The critical question is: how can we improve the time complexity of the above approach? Searching is an essential operation in the above code. So, can we think to improve the efficiency of searching an element X[i] in Y[]?

One idea is simple: if we sort the array Y[], we can search each element of X[] using binary search. This could help to improve the time complexity because binary search takes O(logn) time.

Solution Steps

  • We declare an output list result[] to store the common elements.
  • Now we sort array Y[] in increasing order. We can use effcient sorting algorithms like heap sort or quick sort to sort the array in O(nlogn) time.
  • We run a loop from i = 0 to n - 1 and search each element X[i] in the sorted array Y[] using binary search.
  • Whenever we found an element common to both X[] and Y[] i.e. X[i] == Y[j], we add it to the output list result[].
  • By the end of the loop, we return the output list result[] as an output.

Solution Pseudocode

vector<int> findIntersection(int X[], int Y[], int m, int n)
{
    vector<int> result
    heapSort(Y, n)
    for (int i = 0; i < m; i = i + 1)
    {
        if(binarySearch(Y, n, X[i]) != -1)
            result.add(X[i])
    }
    return result
}

int binarySearch(int Y[], int n, int k)
{
    int l = 0, r = n
    while(l <= r)
    {
        int mid = l + (r - l)/2
        if(Y[mid] == k)
            return mid
        else if(Y[mid] > k)
            r = mid - 1
        else
            l = mid + 1
   }
   return -1
}

Solution Analysis

  • Suppose we are using heap sort and iterative binary search for the implementation. Time Complexity = Time complexity of sorting array Y[] + Time complexity of searching each elements of X[] in Y[] = O(nlogn) + m* O(logn) = O(nlogn + mlogn)
  • Space Complexity = O(1). Think!

A solution approach using sorting and two pointers

In the above approach, the overall time complexity of searching is O(mlogn). Now the critical question is: can we improve the time complexity of the searching further? Think!

Here is an idea: if we sort both arrays, we can apply the two-pointers approach similar to the merging to find the common elements to both the arrays. Think!

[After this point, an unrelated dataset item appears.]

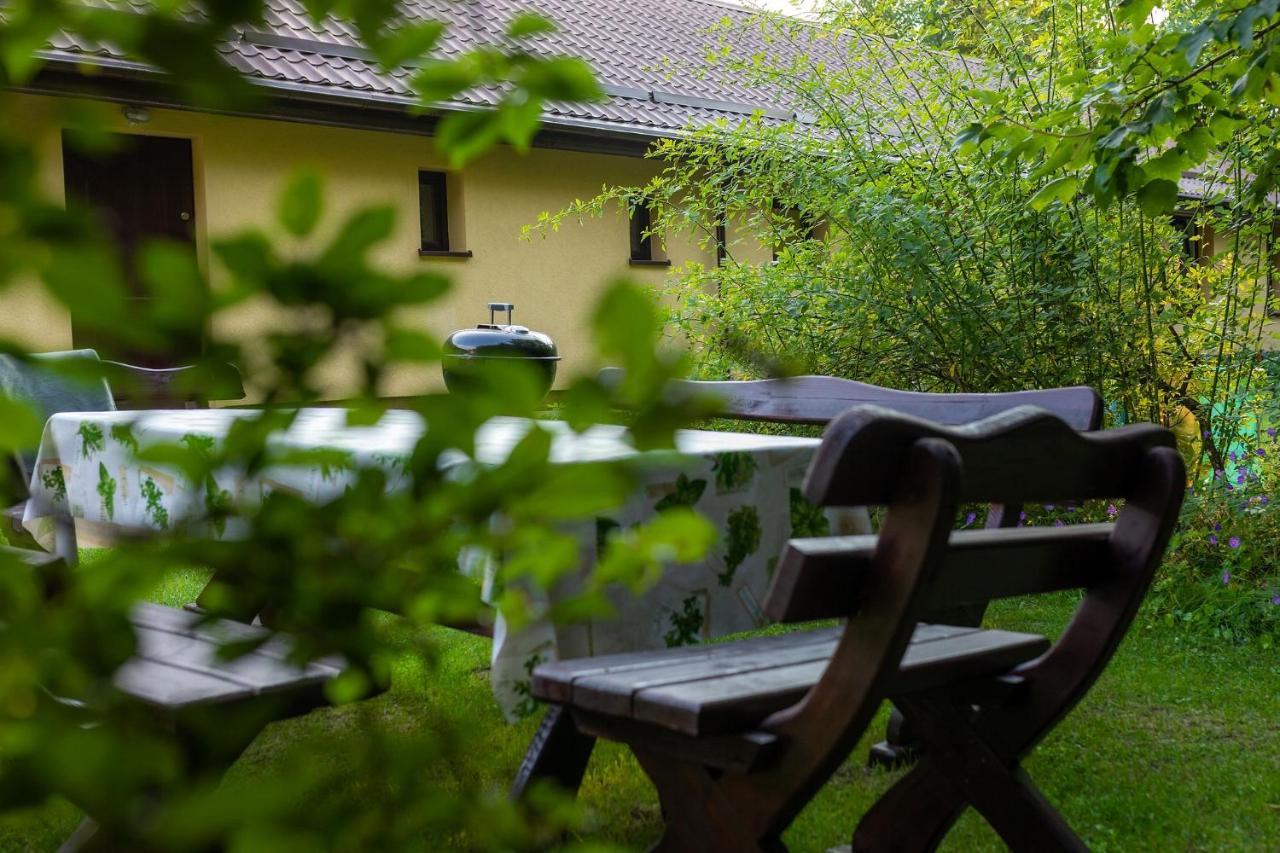Zielono Mi - Dom Goscinny W Lapalicach Lapalice Exterior foto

The idea is to start comparing one element of X[] with one element of Y[]. If both are equal, we add it to the output list and move to the next elements in both arrays by incrementing the pointers by one. Otherwise, we move to the next element by moving the pointer in the array, which includes the smaller element. (Think!)

Solution Steps

  1. We declare an output list result[] to store the common elements.
  2. Now we sort both the arrays in increasing order. We can use effcient sorting algorithms like heap sort or quick sort to sort the array in O(nlogn) time.
  3. Before starting the two pointers loop to find the common elements, we initialize the pointers i and j i.e. i = 0 and j = 0
  4. We run a loop while i < m and j < n:

    • If X[i] == Y[j], we add X[i] to the output list result[] and increment both pointers i and j.
    • If X[i] < Y[j], we increment i by 1.
    • If X[i] > Y[j], we increment j by 1.
  5. By the end of the loop, we return the output list result[] as an output.

Solution Pseudocode

vector<int> findIntersection(int X[], int Y[], int m, int n)
{
    vector<int> result
    heapSort(X, m)
    heapSort(Y, n)
    int i = 0, j = 0
    while(i < m and j < n)
    {
        if (X[i] == Y[j])
        { 
            result.add(X[i])
            i = i + 1
            j = j + 1
        }    
 
        else if (X[i] < Y[j])
            i = i + 1
 
        else
            j = j + 1
    }
    return result
}

Solution Analysis

  • Suppose we are using heap sort for the implementation. Time Complexity = Time complexity of the sorting X[] + Time complexity of sorting Y[] + Time complexity of two pointer approach of merging = O(mlogm) + O(nlogn) + O(n+m) = O(mlogm + nlogn)
  • Space Complexity = O(1)

An efficient approach  using a hash table

We can improve the time complexity by using the hash table because it performs the searching in O(1) time average. First, the idea is to insert all elements of array Y[] in the hash table and then search each element of the array X[]. If we find an element X[i] in the hash table, we add it to the output list.

Solution Pseudocode

vector<int> findIntersection(int X[], int Y[], int m, int n)
{
    vector<int> result
    HashTable H
    for (int i = 0; i < n; i = i + 1)
        H.insert(Y[i])
 
    for (int i = 0; i < m; i = i + 1)
    {
        if(H.search(X[i]) == true)
            result.add(X[i])
    }
    return result
}

Solution Analysis

  • Time complexity = Time complexity of inserting n elements of Y[] in the hash table + Time complexity of searching m elements of X[] in the hash table = n* O(1) + m* O(1)) = O(m+n)
  • Space Complexity = O(n), for storing the auxiliary hash table. 

Critical ideas to think!

  • Do we need to modify the above algorithms if elements are repeated?
  • How do time and space complexity change in the last approach if the hash table is created for the larger array instead of the smaller one?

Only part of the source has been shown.